Exercise goal: The answer must be the lines from the one that holds "Lashes Neon Sign" through the final line of the data, copied exactly, with no pictures.

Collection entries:
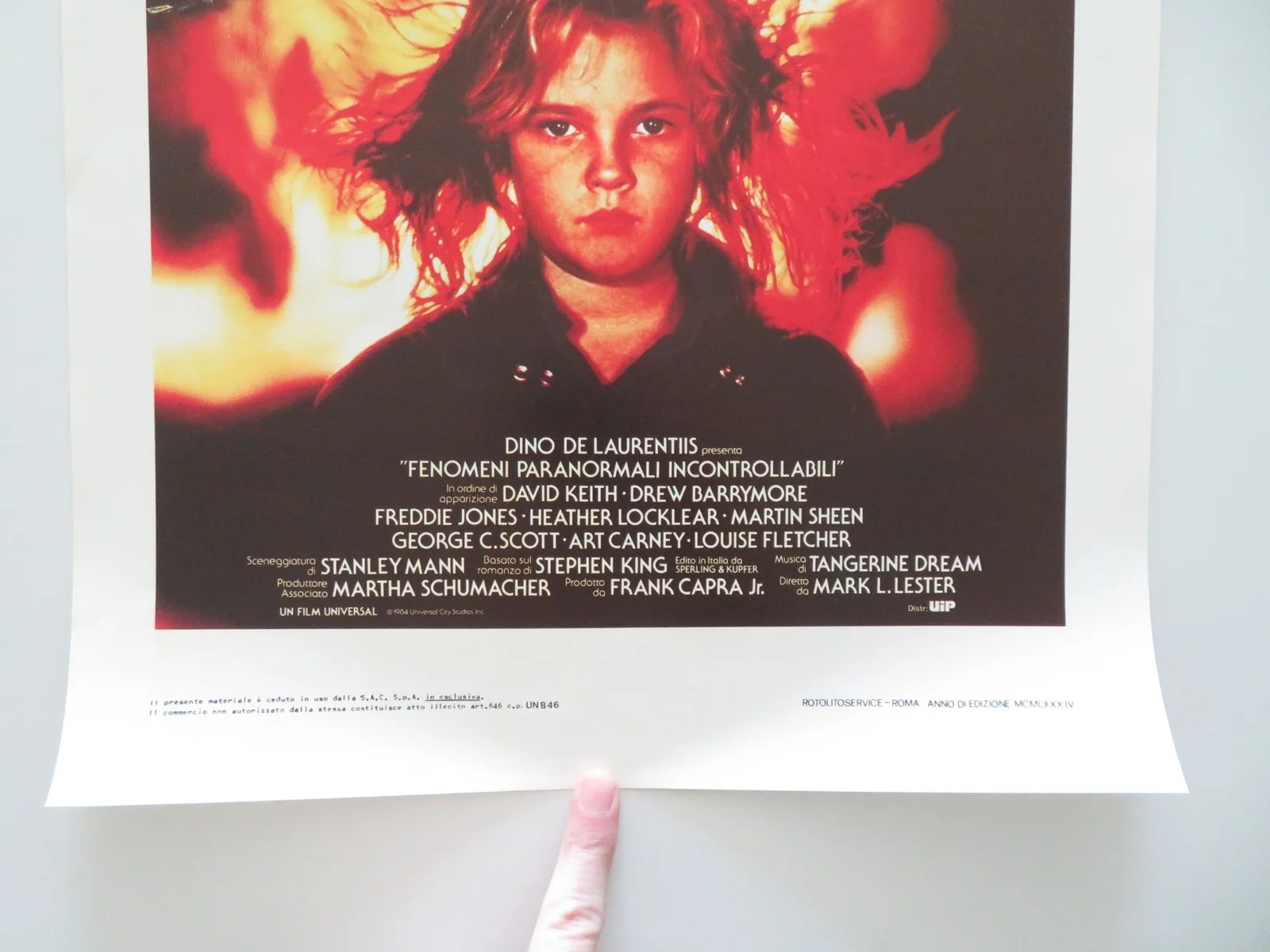 FIRESTARTER ITALIAN LOCANDINA POSTER DREW BARRYMORE DAVID KEITH KING 1984, image 4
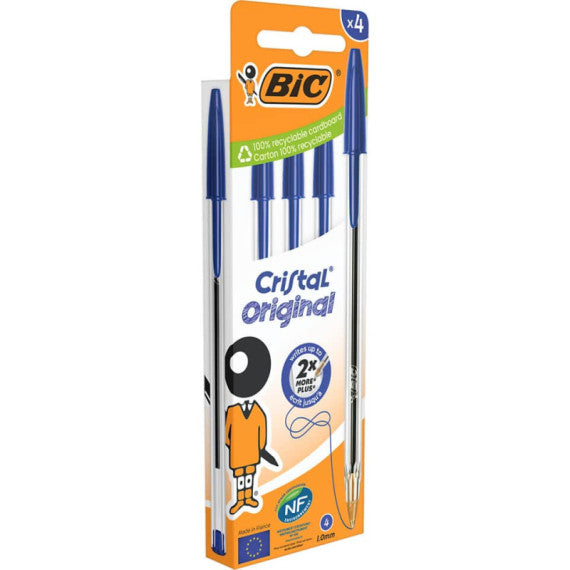 Penna a sfera BIC Cristal M 1 mm in blister da 4 blu - 8308601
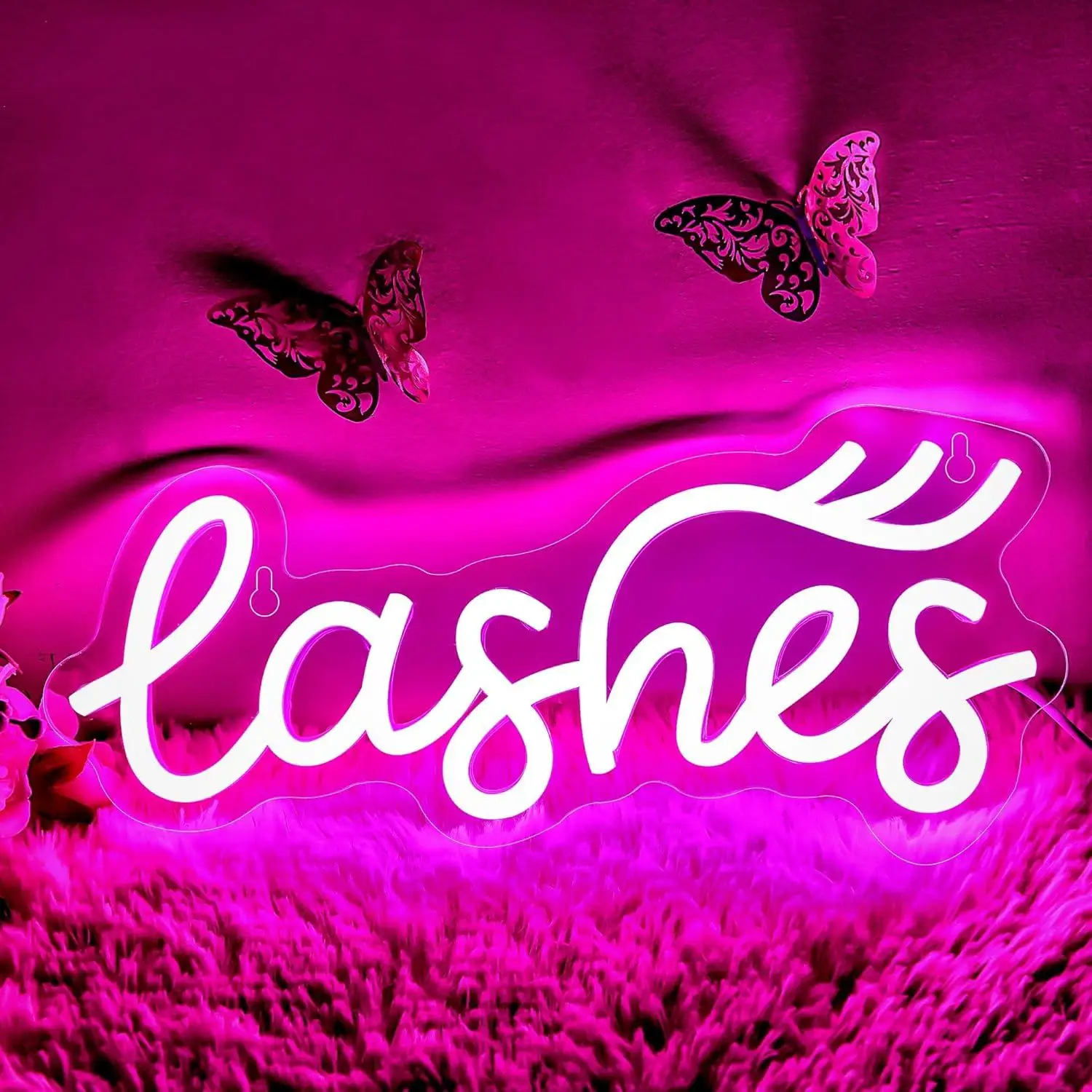 

Lashes Neon Sign Lady Text Led Neon Light for Bedroom Lashes Salon Beauty Room Eyelash Business Makeup Rooms Lash Studios Decor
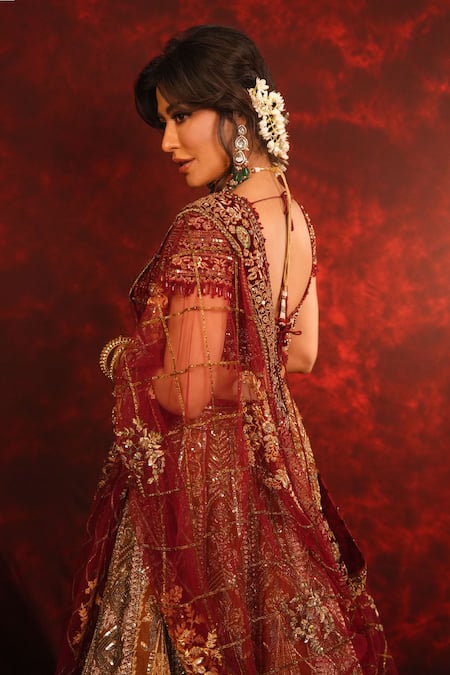 Archana Kochhar_Maroon Silk, Velvet, Net Embroidery, Ruhani Raat Zardozi Bridal Lehenga Set _Online_at_Aza_Fashions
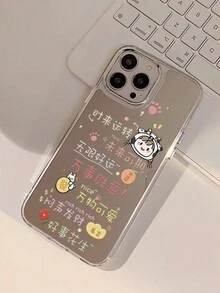1入卡通女孩頭像圖案亞克力手機殼，防震，適用於 iPhone 12/13 Pro、14 Plus 和 15，可愛設計 - 彩色 - 查看 3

Answer space:
Lashes Neon Sign Lady Text Led Neon Light for Bedroom Lashes Salon Beauty Room Eyelash Business Makeup Rooms Lash Studios Decor
 Archana Kochhar_Maroon Silk, Velvet, Net Embroidery, Ruhani Raat Zardozi Bridal Lehenga Set _Online_at_Aza_Fashions
1入卡通女孩頭像圖案亞克力手機殼，防震，適用於 iPhone 12/13 Pro、14 Plus 和 15，可愛設計 - 彩色 - 查看 3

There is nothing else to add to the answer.